I think this revolutionizes how we view news in two folds.
Firstly, we are actually stepping away from personalizing data to give a more objective view of how an individual may approach new information. With pied paper you are not simply given true news. We are giving the user the power to decide whether an article is true or fake based on their interpretation, AND then giving them feedback. Even then we are not telling the users that they are wrong or right. We are simply displaying information about how other people think and what machines think. This way I think we can more naturally engage users to become more thoughtful in how they approach new information.
Secondly, we are incentivizing users to read the news more carefully and thoroughly because we have essentially gamified news. At the end of every article, you are being tested for your objectivity and are compared with everyone else.

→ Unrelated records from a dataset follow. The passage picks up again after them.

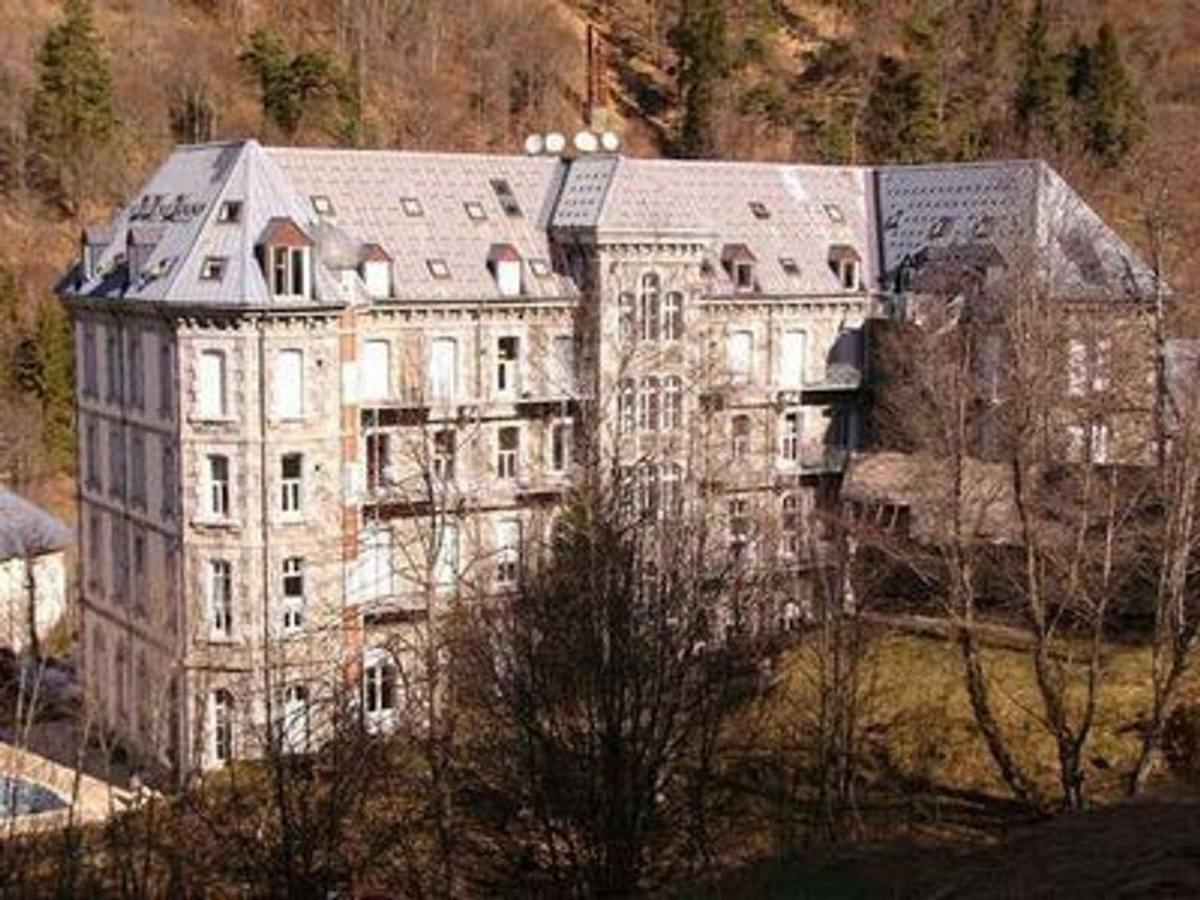 Studio 4 A 6 Personnes Avec Balcon A Bareges Domaine Grand Tourmalet Екстер'єр фото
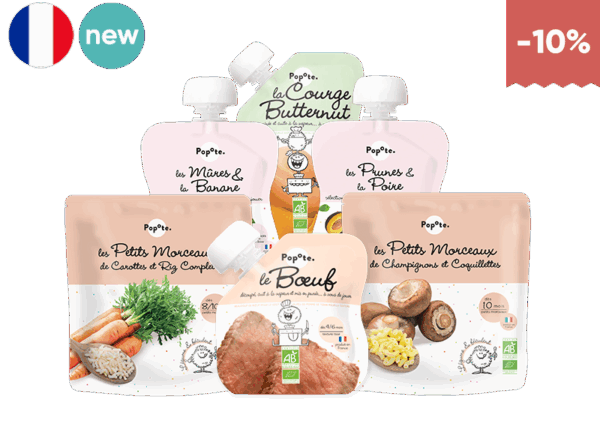 Various Mix Popote (x6, Discovery Pack)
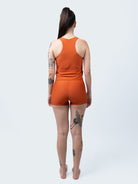 Shorties with Pockets - PAPAYA - lilikoiwear.com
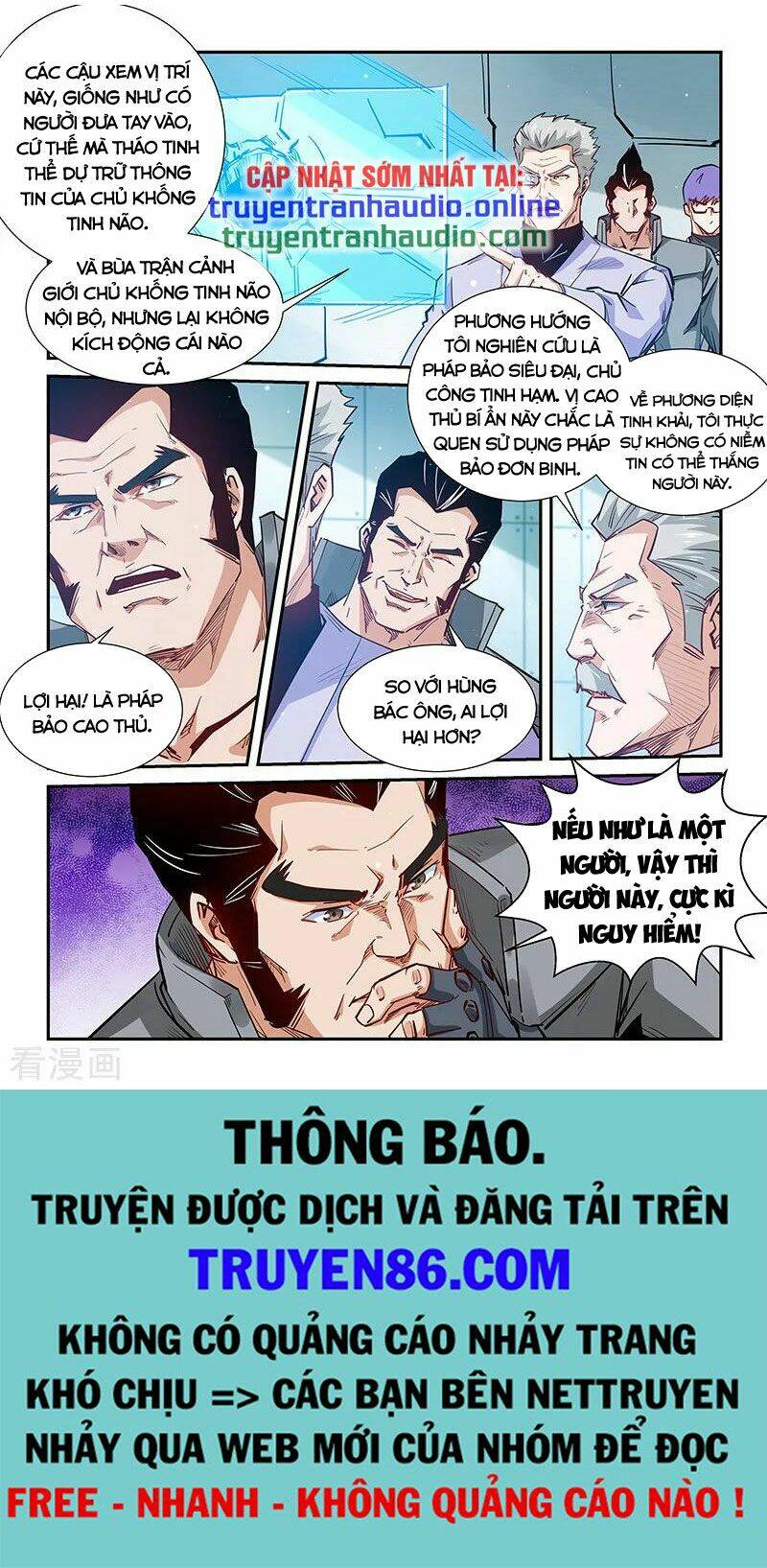 tu chân tứ vạn niên chapter 291 10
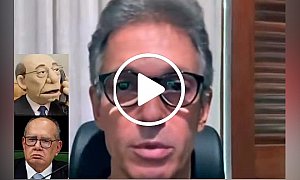 Romeu Zema escala ataque e  usa estratégia bolsonarista para atingir Judiciário  nas redes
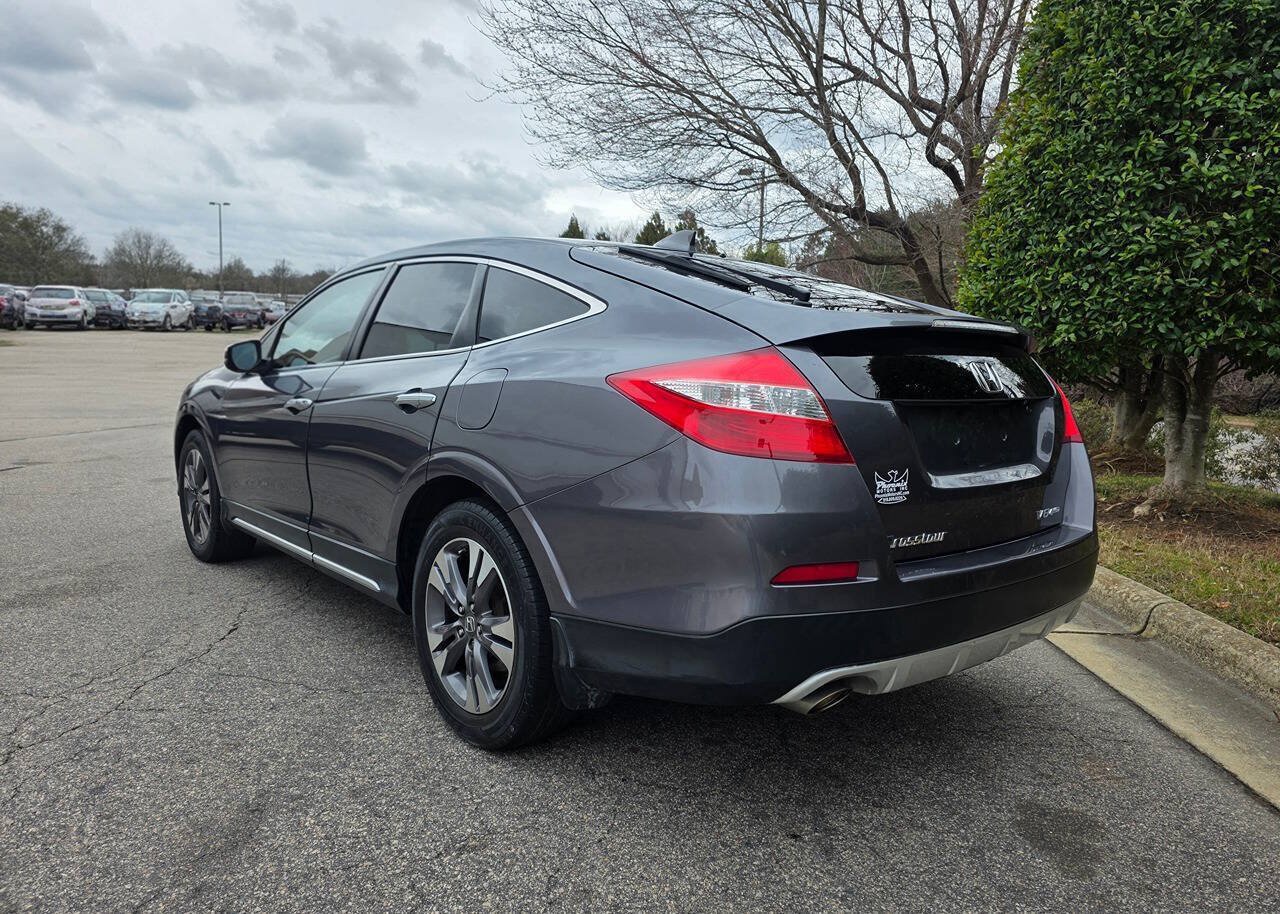 Used 2015 Honda Crosstour EX-L image 3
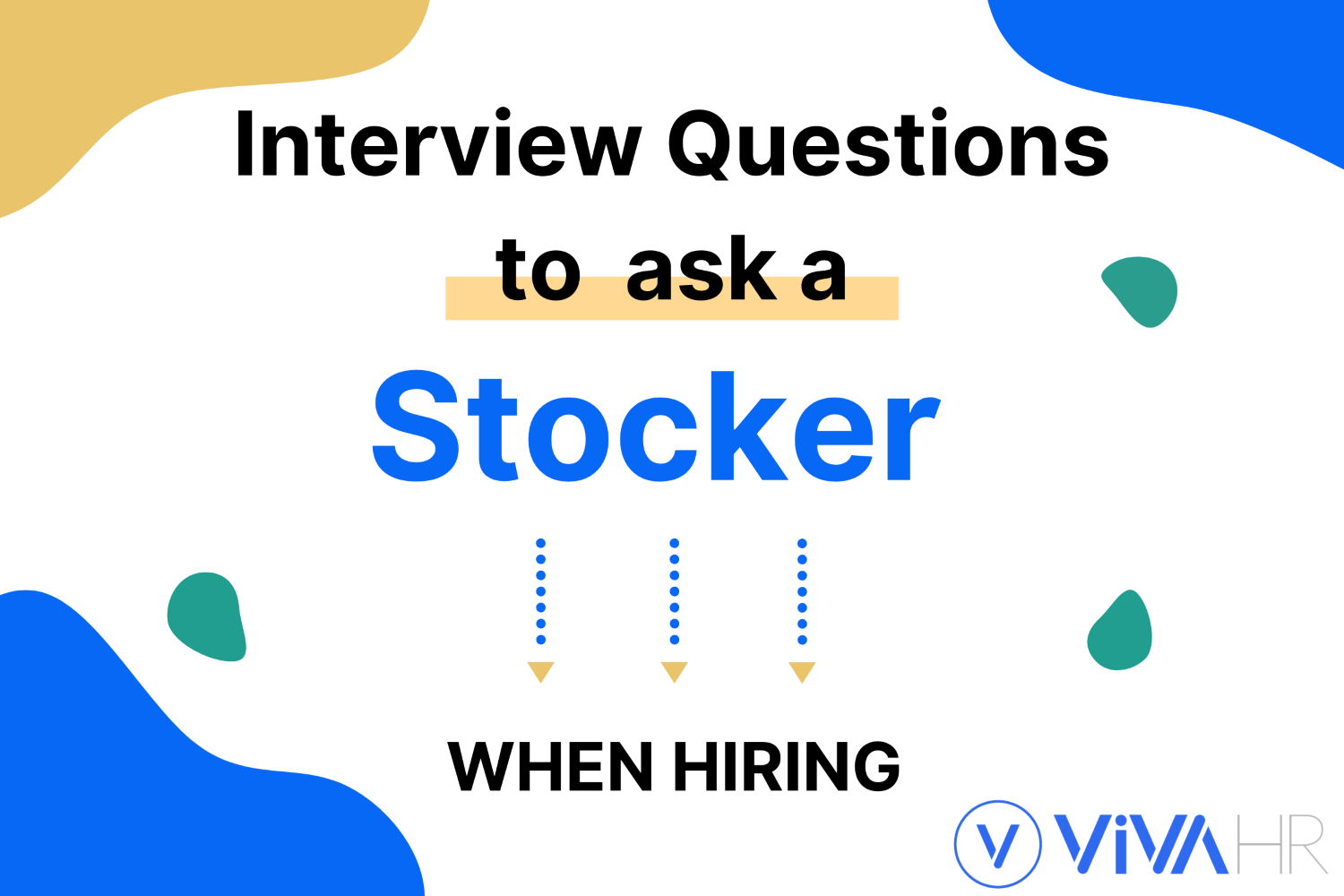 Stocker Interview Questions VIVAHR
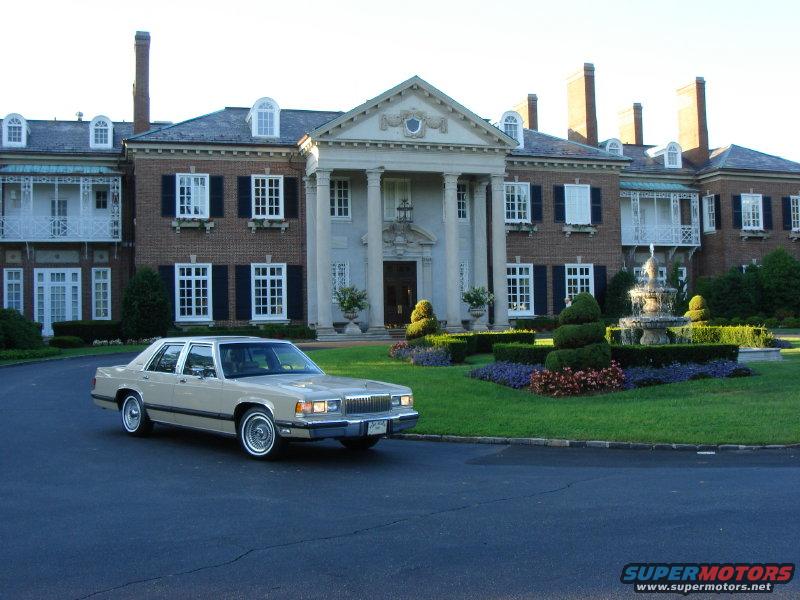 1990 Mercury Grand Marquis photo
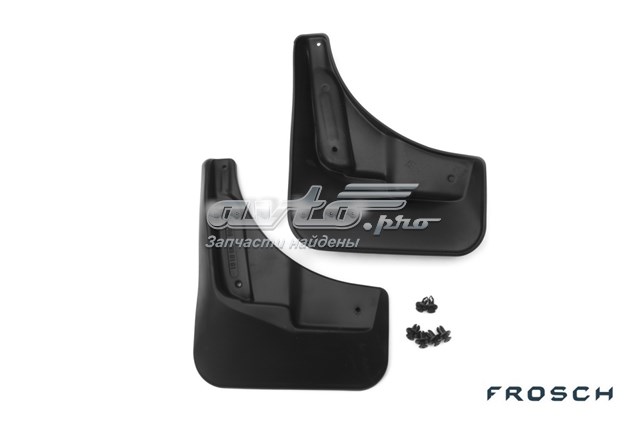 NLF0813F10 Novline Комплект передних брызговиков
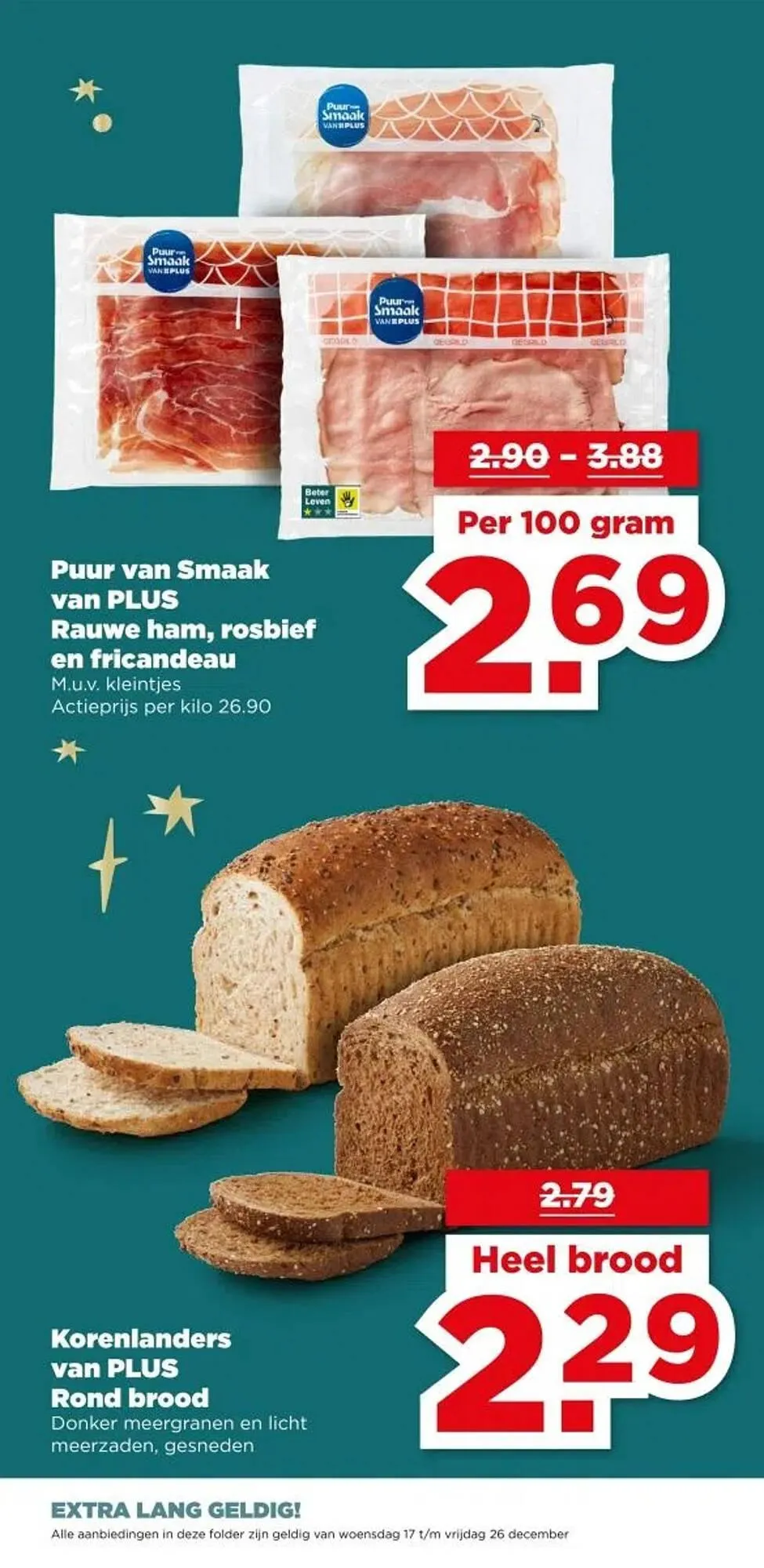 PLUS folder van 17 december tot 26 december 2025 - Folder pagina 39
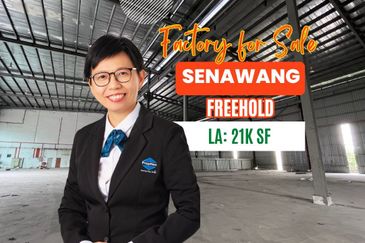 Senawang Integrated Industrial Park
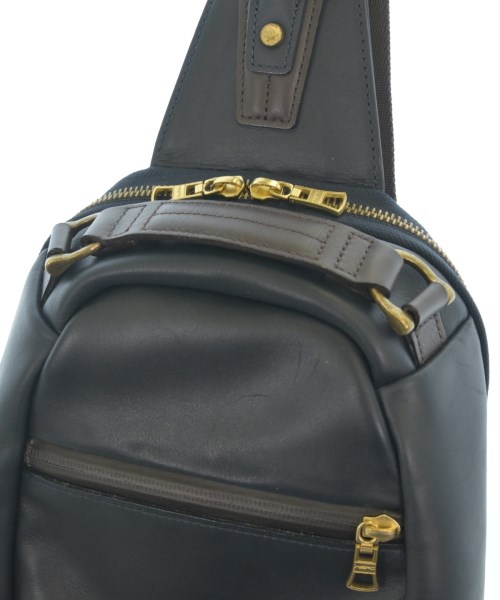 MASTER-PIECE（マスターピース）ショルダーバッグ グレー サイズ:- メンズ/2200662505099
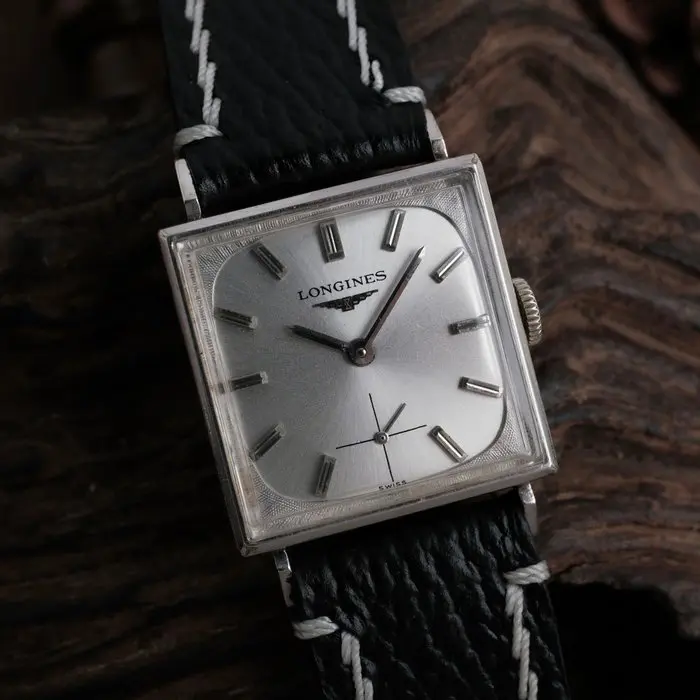 Longines - Caliber 370 - No reserve price - 5019 - Unisex - 1967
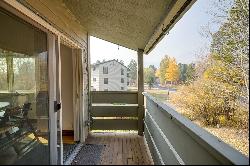 Balsam Lodges End Unit in the Aspens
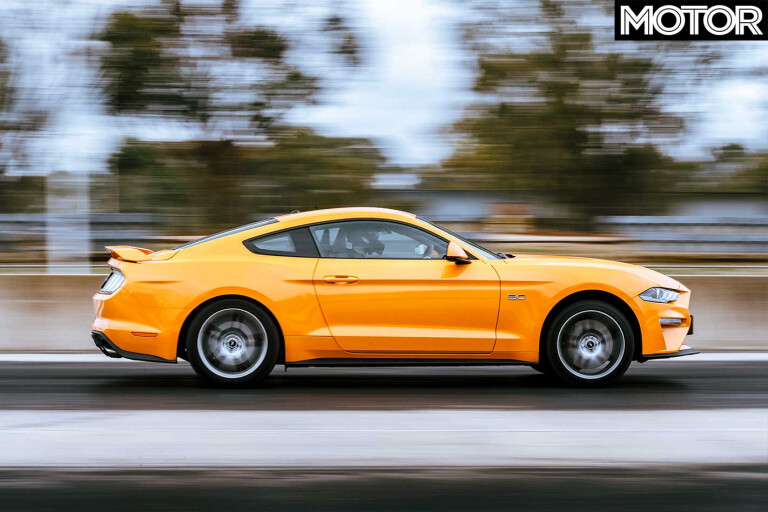 2018 Ford Mustang Acceleration Jpg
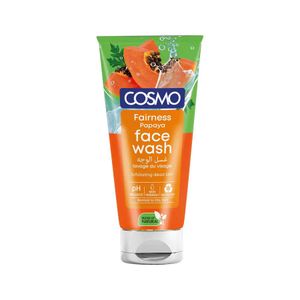 Cosmo Fairness Papaya Face Wash 150ml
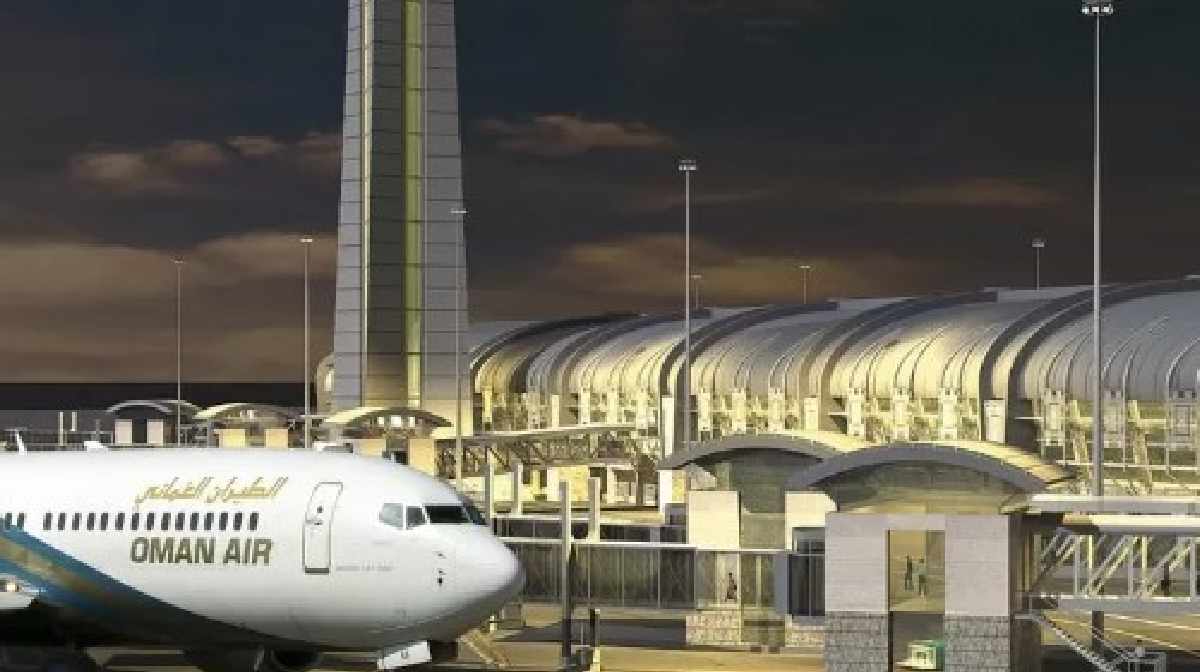 indians-are-the-most-travelers-through-muscat-international-airport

Furthermore, I think the data obtained from the dataset can be fed back into the ML dataset as some sort of bias to help build a better model that can detect fake news on inference.
How I built it
We used TorchText for language preprocessing ( padding news articles and such). Then using AWS Sagemaker we hosted the .pth on an endpoint which can be accessed by AWS gateway through AWS lambda.
We used Express Js along with Node to orchestrate feeding and fetching articles from the AWS Sagemaker endpoint. We used Postgres to store the retrieved data in an SQL format so that categorization and searching were made much quicker.
We used React JS to design the user interface, Redux to handle state management and Material UI for css theming. NewsAPI was used to fetch the news themselves.
Challenges I ran into
- Optimizing the model
- Designing the front-end to give a feeling of choice to users
- Using AWS Sagemaker to host Pytorch endpoint
Accomplishments that I'm proud of
We have a pretty robust prototype running at piedpaper.net! Tell us how you feel about the website and interact with it as much as possible.
What I learned
We learned as a team how to integrate an existing PyTorch model into something that can be used on inference time to create a hands-on machine learning experience. We also learned that ON AVERAGE, fox news seems to be the news outlet with most of their news labeled as 'fake'.
What's next for Pied Paper
*Create a better data visualization and metric for the true/false values of the users. ( Make it more interactive !)
*Improve our machine learning model for better accuracy. And perhaps use our user input as some kind of a bias in the algorithm.
*Create a dedicated user experience by allowing them to log in and record their scores.